Placenta percreta, the rarest and most severe form of placenta accreta, can involve the urinary bladder. Because of its propensity for severe hemorrhage, it is a potentially life-threatening condition. Although commonly discovered at the time of delivery, antenatal diagnosis may be achieved with ultrasound, magnetic resonance imaging, and/or cystoscopy. Every attempt should be made to minimize potential for blood loss by avoiding removal of the placenta at the time of delivery and either performing a hysterectomy or using methotrexate therapy to ablate the residual placenta in the postpartum period
A 32-year-old woman with a history of cesarean section was referred to a multidisciplinary placenta program at 24 weeks of gestation after placenta previa was diagnosed on ultrasonography. The patient reported having intermittent, painless hematuria. Abdominal ultrasonography performed with a full maternal bladder revealed avascular, expanded lower uterine segment that raised suspicion for the invasion of placental chorionic villi into the bladder.
Cystoscopy showed a bulging posterior bladder wall with extensive vascularization and a focal area of invading chorionic villi, findings consistent with placenta percreta. Placenta percreta is characterized by the invasion of placental chorionic villi into and beyond the uterine myometrium, sometimes into surrounding structures. The inability of the adherent placenta to separate at delivery can cause catastrophic haemorrhage and substantial maternal complications.

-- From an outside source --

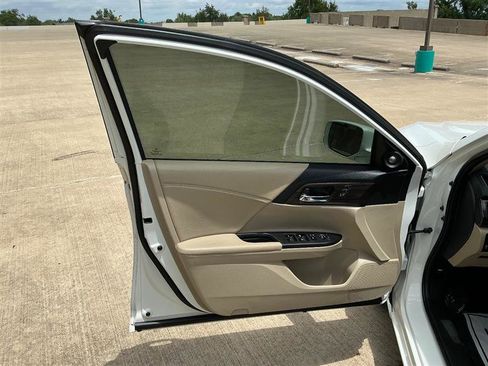 Used 2017 Honda Accord EX-L image 24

At 33 weeks of gestation, the patient underwent elective midline laparotomy and cesarean delivery of the neonate, as well as hysterectomy and resection of the posterior bladder wall. The procedure was complicated by a loss of 6 liters of blood, leading to massive transfusion. A vesicovaginal fistula developed postoperatively and subsequently healed after prolonged bladder drainage. At the 3-month follow-up, the patient had normal bladder function and the infant was well after hospitalization for prematurity.